Appropriate activities now are:

  1. Uses the Internet under supervision (create tech-free time to talk each day.)
  2. Independence with technology, social media with strict time limitations and rules for use.
  3. Parents should monitor computer homework and confiscate all tech when screen time rules are broken.
  4. Make sure children complete chores and stay involved with school activities and friends.


12–18 Years Rules: Indepandence

These are the ages when most arguments and disobedience related to technology use happen. Children can emotionally implode when parents establish or impose computer/Internet rules. By now, your child probably has his or her own smartphone. They see many of their friends with unlimited computer access.

They are sick of the rules. They are also young and cannot absorb the meaning of parental rules.

As children enter the teenage years, they want independence. Rules of the house usually change as they can stay out later or meet friends or by age 16, they start to drive. These are all signs of independence, and screen use is no different. At this age, teenagers desire their own social media accounts and demand privacy and unsupervised online time.

“Digital diet” and “digital nutrition” are important at this age. If you grant unrestricted use, have your child maintain a digital log. They can provide you with updates on their time online. A digital log helps a teenager also keep track of their own media use. Too much time online, like food, can result in harmful habits. A digital log helps you track a child’s balanced and healthy digital diet without hovering over their daily online use.

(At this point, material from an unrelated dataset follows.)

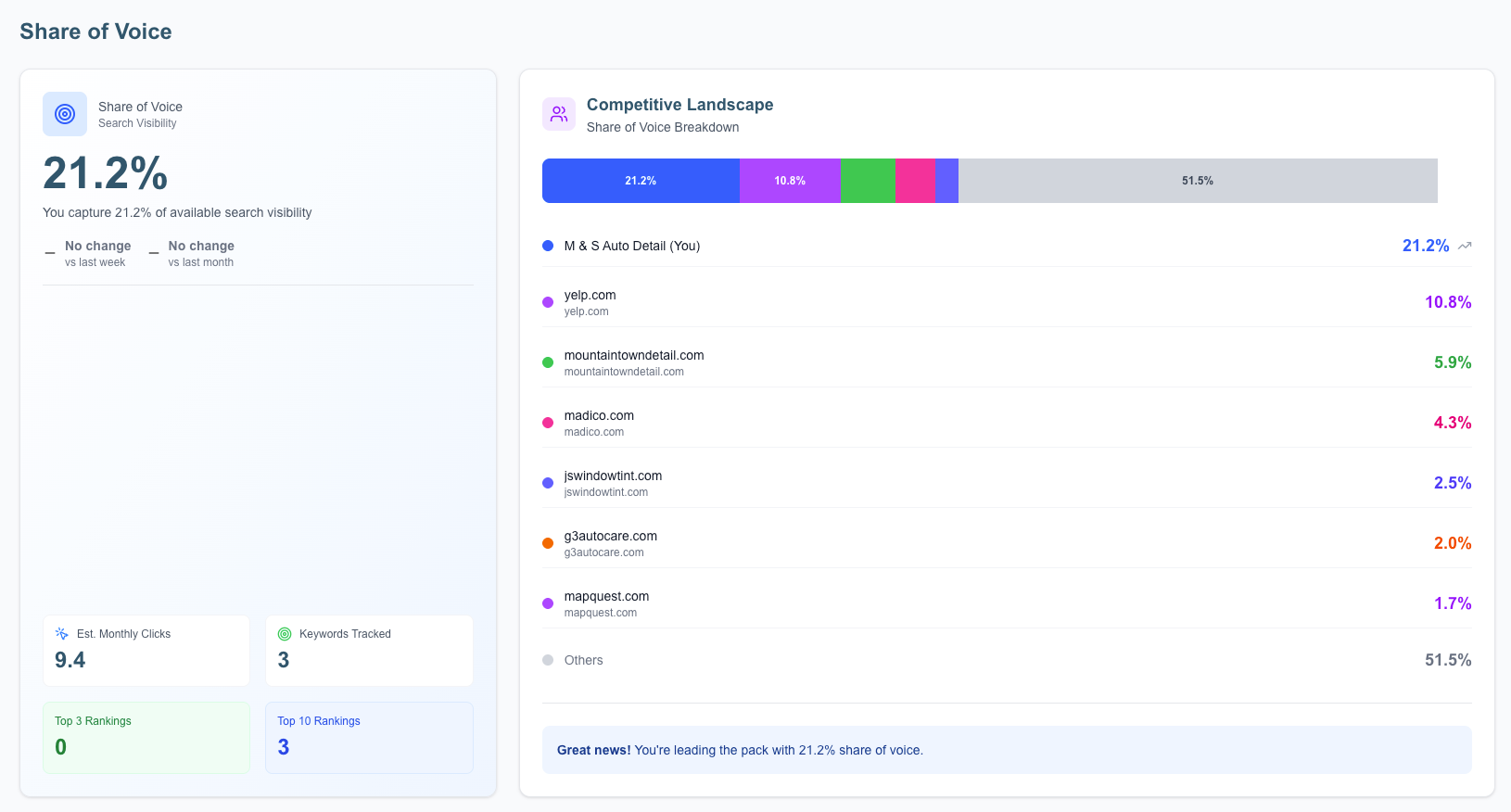 Dashboard showing data analysis with charts and percentages, highlighting various metrics and user activity.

Regarding digital nutrition, this is a time to help children make better choices about their activities online. Do they play videogames all day or are they doing homework? Are they using social media or are they researching a paper for school? Like food addiction, online use is about making healthy choices. Nutrition means that as an independent teenager the technology is used responsibly.


Once you have rules for responsible technology use, decide on discipline for violations in advance, whether you ban your child from driving for a week or a month, whether you ground them, cut back on their allowance or Internet use — whatever — plan it in advance.

Make sure your child has daily chores around the house (e.g., doing the dishes, cutting the lawn, shoveling snow, or taking out garbage). Keep them structured. At 16, urge them to get a job. If they are working, then they don’t have time to play or use all their digital devices. This also helps them develop a work ethic. Working also helps teenagers maintain structure in their day to avoid boredom and idol time that contributes to screen overuse and addiction and they can now afford their own digital devices.

Appropriate activities now are:

  1. Your child has independence with technology but make sure your child turns in a weekly digital log to improve engagement with technology and the family.
  2. Review what is meant by digital diet and digital nutrition and decide on consequences for violations of rules and time limits.
  3. Know your child’s online friends, invite them to dinner and talk about how they are.
  4. Make sure they complete chores and stay involved with school activities and friends.
  5. When old enough, have children work to improve their time structure, personal financial management, and develop a good work ethic.


Kimberly Young is Founder, the Center for Internet Addiction Recovery, and Netaddiction.